Funny you should mention those lists. I've already done that, at least for his good qualities. When we were living together I started to worry that all I could think of were his bad qualities so I started journaling his good qualities just to keep my perspective. As far as his bad qualities, I've listed and relisted those in my journals and on these boards. His bad outways his good at this point, if for no other reason than he refuses to be with us physically or emotionaly again.

What to do now...Well in regards to moving on with my life, I have decided that I'll be moving back to the pacific northwest to settle. But, I want to do it in the smartest way possible, when the time is right. I will search for jobs from here for now. If I don't find anything by next summer, when I'm supposed to be out there for a wedding and birthday party anyway, I will probably go stay with my dad in CA and start searching from there.

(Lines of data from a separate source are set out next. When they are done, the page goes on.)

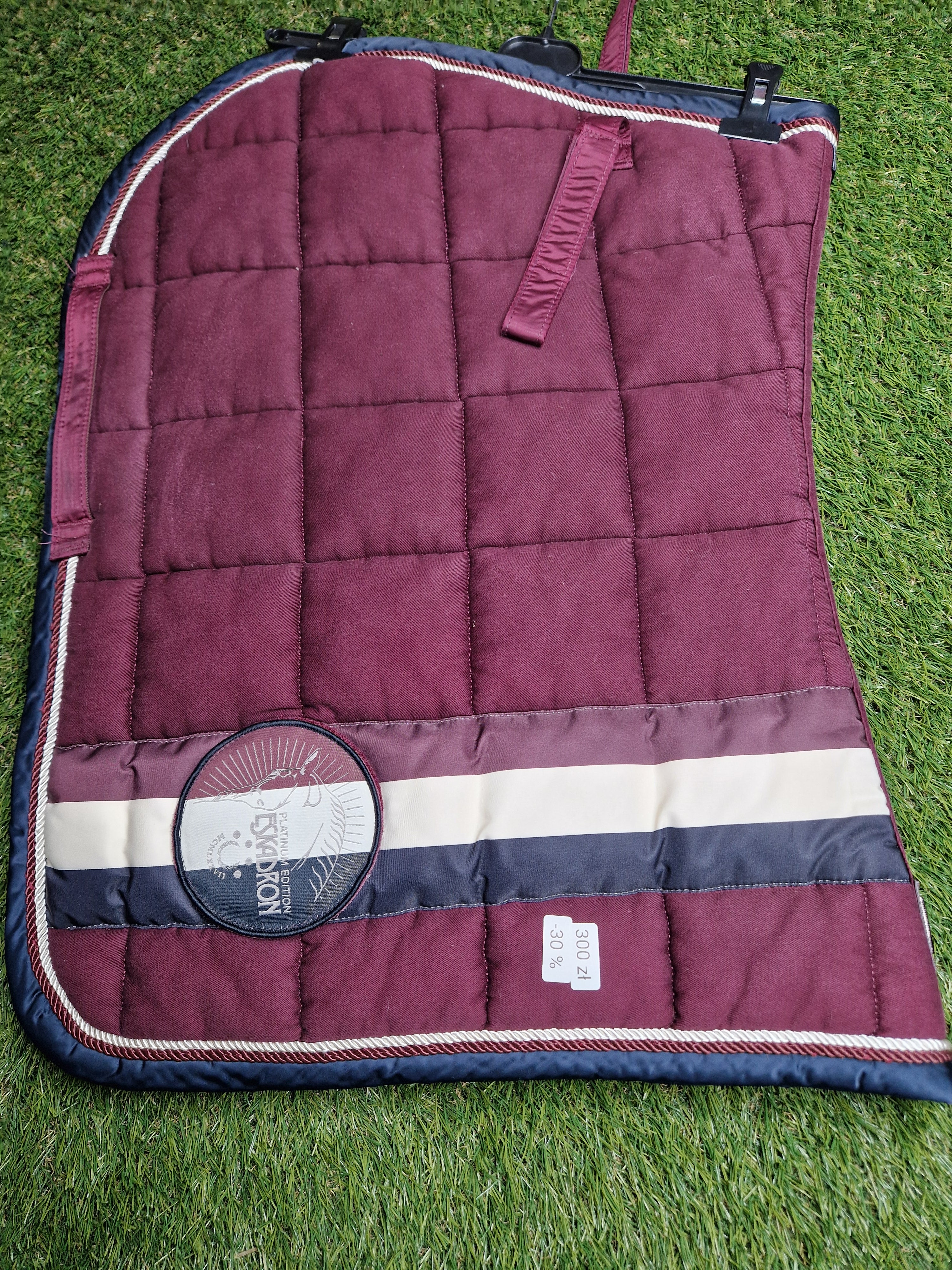 Czaprak VS Eskadron Czaprak Platinum Square Blackberry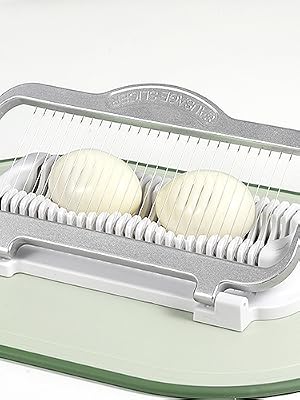 egg slicer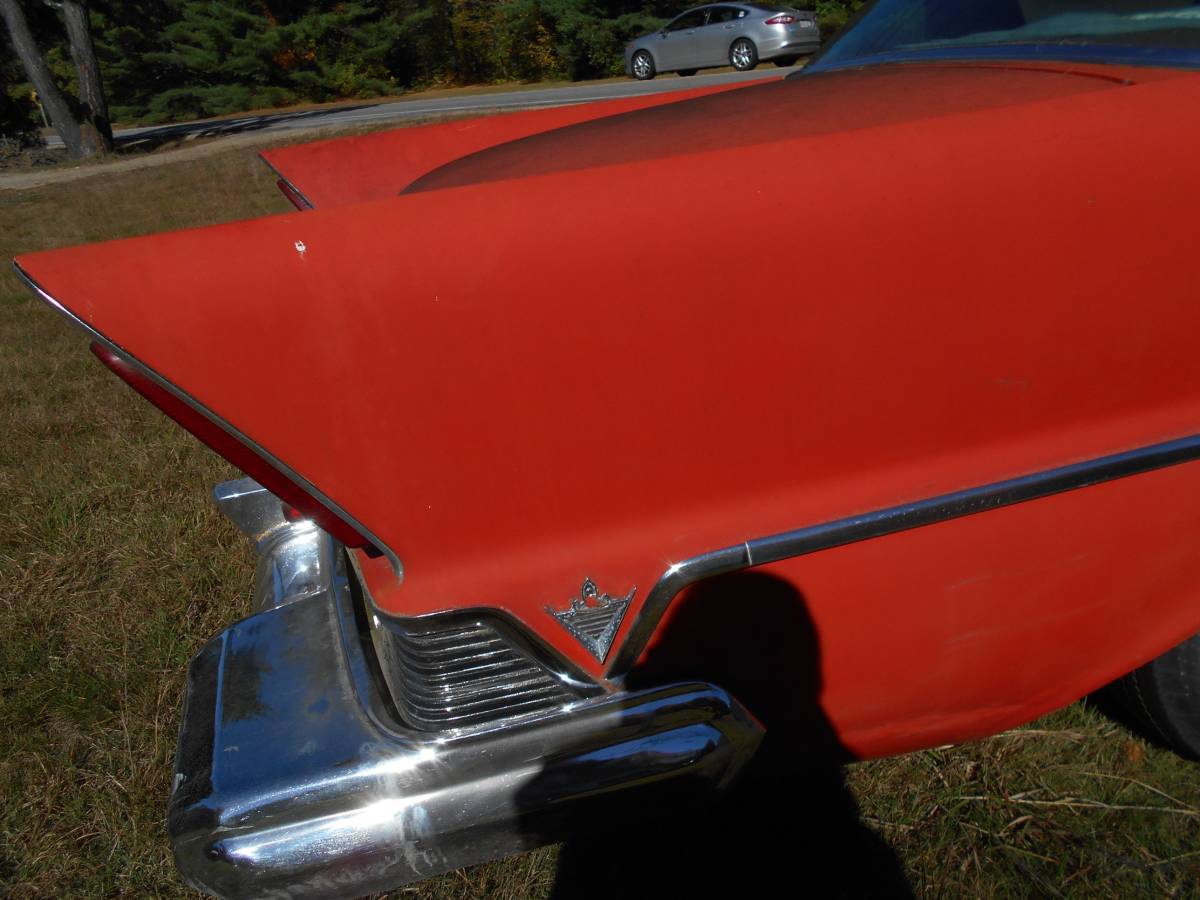 Lincoln-Premier-1957-Red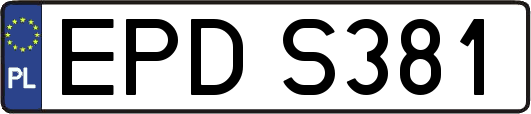 EPDS381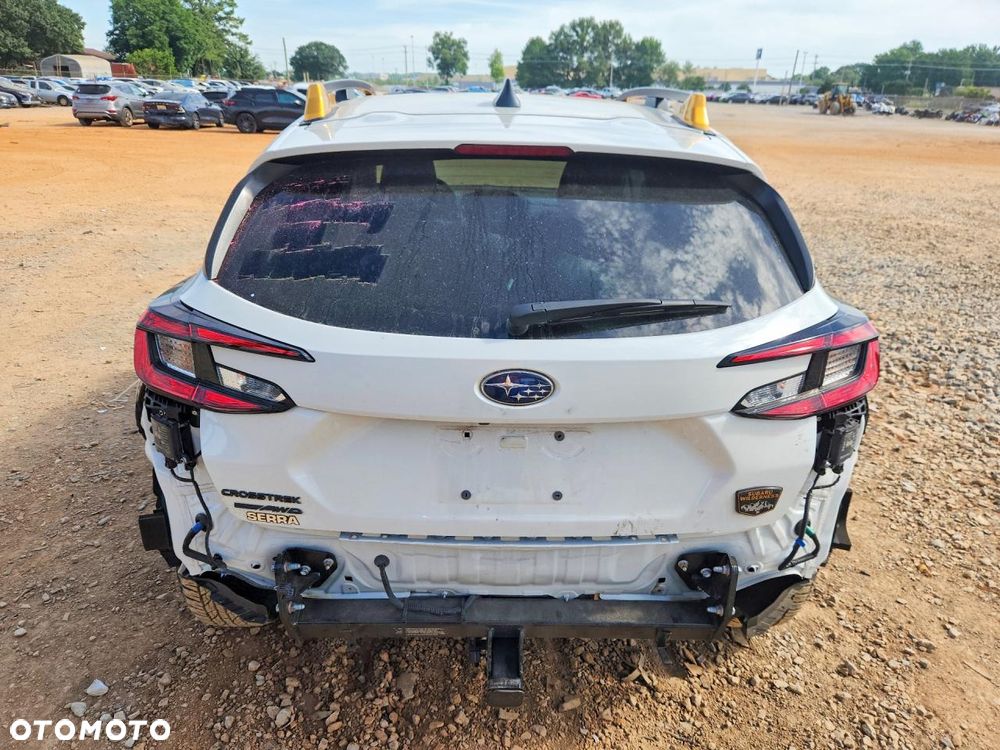 Subaru Crosstrek - 6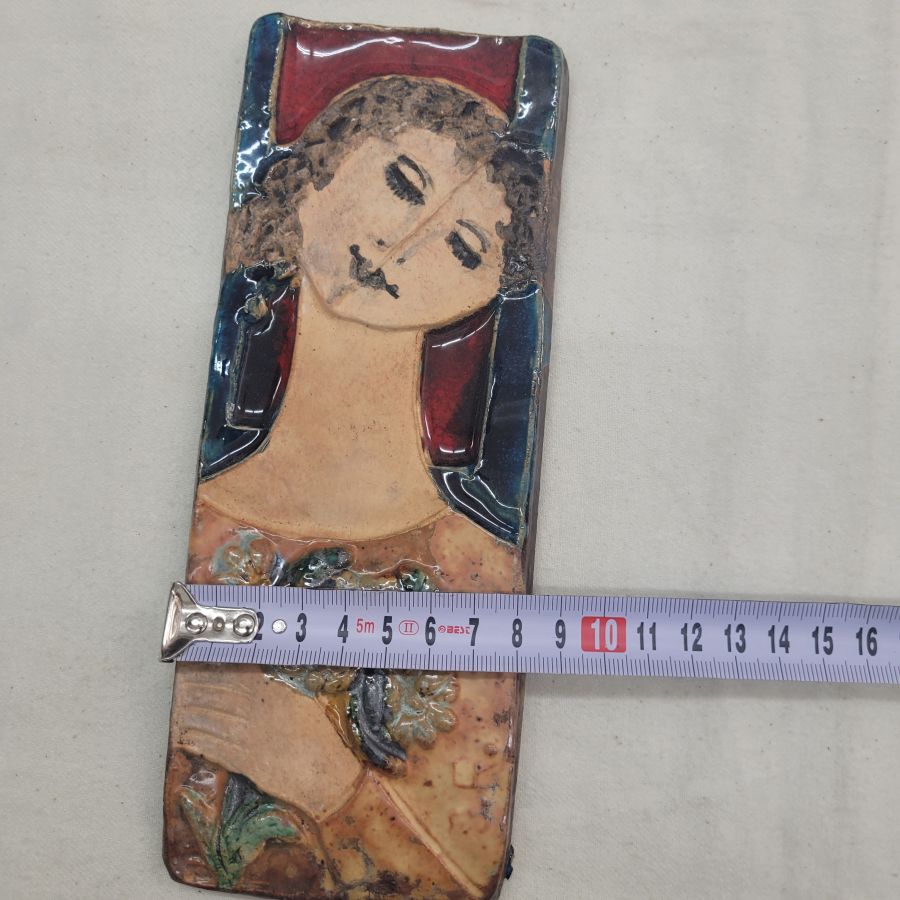 Tile Bathsheba's Flower Bouquet - Image 3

Like WCW said, I can't make any moves rashly, just to spite H. He would just shrug his shoulders and it would only disrupt S4 and my life.

As far as what to do during H's visit, if he does show up...I was figuring I'd just be friendly and not look for any explanations about anything. But, everyday that passes that I don't hear from him the less I even see the point in that. I want to be civil for S4's sake, but why go to the trouble of Acting As If everything is going to be fine when it doesn't change anything. If Acting As If made him come back around to professing his love for me and telling me he wanted a future with me again, would it be smart to stop searching for jobs and making plans to move at this point? He's proven that he can flipflop at anytime regardles of what kind of contact we have going at the time.

I guess I should really be on a different board. Maybe the "I'm thinking of leaving" board. H is the WAS, but so far he hasn't been willing to "pull the trigger" and file. So I guess I'll have to be the other half of the WAS. But I don't plan to deal with all that until after I'm settled and starting my new life.